December 11, 2023

On Sunday, 10 December 2023 at 18:16:05 UTC, Nick Treleaven wrote:

>

You can call alloca as a default argument to a function. The memory will be allocated on the caller's stack before calling the function:
https://github.com/ntrel/stuff/blob/master/util.d#L113C1-L131C2

I've just tested and it seems it works as a constructor default argument too.

Clever!

December 11, 2023
On Sunday, 10 December 2023 at 22:59:06 UTC, Nicholas Wilson wrote:
> Always happy to help if you're interested in looking into using dcompute.

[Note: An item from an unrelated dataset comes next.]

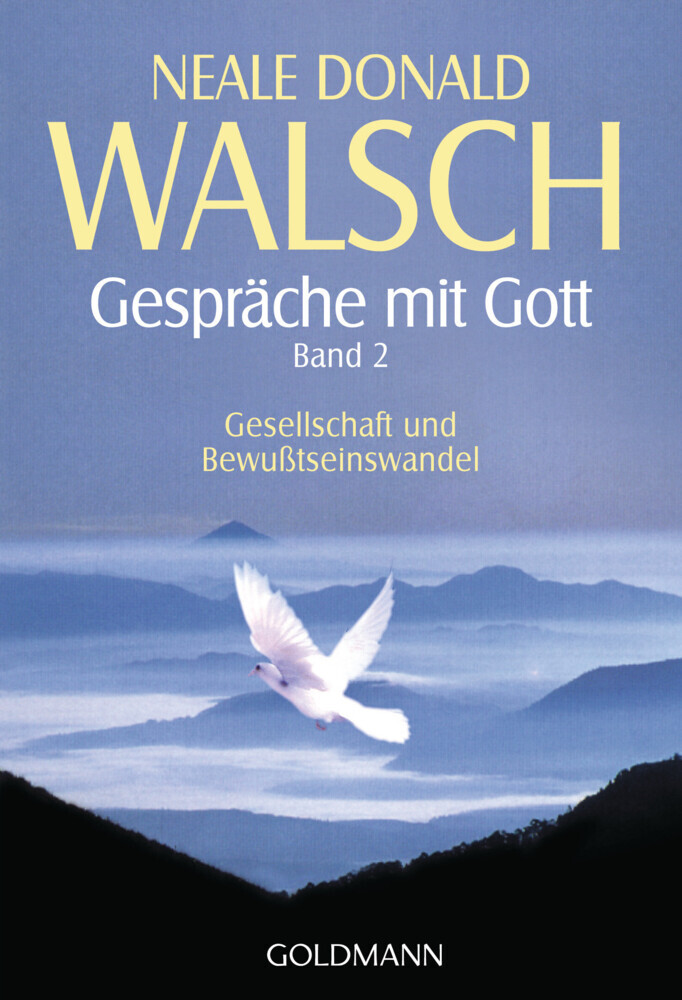 Gespräche mit Gott - Band 2 main product photo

Thank you, I'll let you know!

> Or you could use grep with `--output-ll` as noted by Johan https://github.com/ldc-developers/ldc/issues/4265#issuecomment-1376424944 although this will be with that `workaroundIssue1356` applied.

Thanks for highlighting this, as I must have forgotten. I should be able to create a CI job that checks this as part of the release. This will give us the confidence that we need.

-- Bastiaan.
December 11, 2023

On Sunday, 10 December 2023 at 15:08:05 UTC, Bastiaan Veelo wrote:

>

We are looking forward to being able to safely use LDC, because tests show that it has the potential to at least double the performance.

Yes, and that's before you its excellent SIMD capabilities :)

December 11, 2023
On 12/6/23 17:28, Mike Parker wrote:
> 
> 
> One way to do that in D is to use `alloca`, but that's an issue because the memory it allocates has to be used in the same function that calls the `alloca`. So you can't, e.g., use `alloca` to alloc memory in a constructor, and that prevents using it in a custom array implementation. He couldn't think of a way to translate it.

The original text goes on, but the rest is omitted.